Del castigo a la inclusión: la disputa por el lugar de los recicladores urbanos en la ciudad
Florencia Tuchin
agosto 12, 2025

¡Hola!  Durante años, los recicladores fueron vistos como un problema y fueron criminalizados. Sin embargo, con la formación de redes organizadas se logró avanzar hacia la desestigmatización y formalización de su trabajo. La semana pasada, volvio el tema en la agenda pública como un problema. Esto no es nuevo, pero vamos a demostrar porque esa narrativa no es cierta.


Del castigo a la inclusión: la disputa por el lugar de los recicladores urbanos en la ciudad

“Hasta $900.000 de multa si te gusta hurgar la basura en la Ciudad. Sí, leíste bien.
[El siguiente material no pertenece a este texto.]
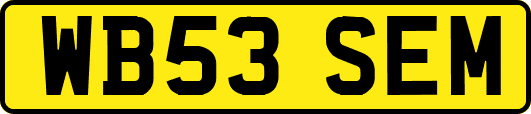 WB53SEM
La orden es clara: quien saque bolsas de los contenedores y deje todo tirado, limpia en el acto o lo paga caro”, ese fue el posteo de Laura Alonso, la vocera del Gobierno de la Ciudad de Buenos Aires. Este tipo de expresiones no surgen de la nada: son parte de una estrategia política que aprovecha el estigma para reforzar narrativas de “orden” y limpieza urbana. Al validar ese relato, se omite su rol socioambiental y se deslegitima el trabajo de los recicladores.

La figura del reciclador urbano nació de la necesidad y la exclusión social. Las políticas económicas y laborales de finales de los años noventa dejaron a miles de personas sin empleo y con condiciones de vida cada vez más precarias. En la crisis del 2001, marcada por los saqueos y el hambre, muchos salieron a buscar materiales en la basura para sobrevivir. Pero ese acto, tan ligado a la urgencia, tenía un riesgo: existía un decreto que prohibía recoger residuos de las calles y la policía perseguía a quienes lo hacían, tratándolos como delincuentes.

Sin proponérselo, esos hombres y mujeres que hurgaban en la basura por necesidad estaban resolviendo otro problema profundo: la mala gestión de los residuos en la ciudad. Se convirtieron, sin saberlo, en precursores del reciclaje inclusivo, un modelo que no solo atiende la cuestión ambiental, sino que también busca formalizar el trabajo y dignificar a quienes lo realizan.

Al principio no había políticas de reciclado que los contemplaran. Por eso, debieron organizarse y luchar por su reconocimiento. Fue un camino largo, atravesado por asambleas, manifestaciones y la construcción de cooperativas que reemplazaron el asistencialismo por un sistema de trabajo estable. El reconocimiento al movimiento cartonero en Buenos Aires fue posible gracias a una combinación de factores: visibilidad mediática, apoyo de organizaciones sociales, sensibilización de la ciudadanía y, finalmente, políticas públicas que empezaron a incluirlos.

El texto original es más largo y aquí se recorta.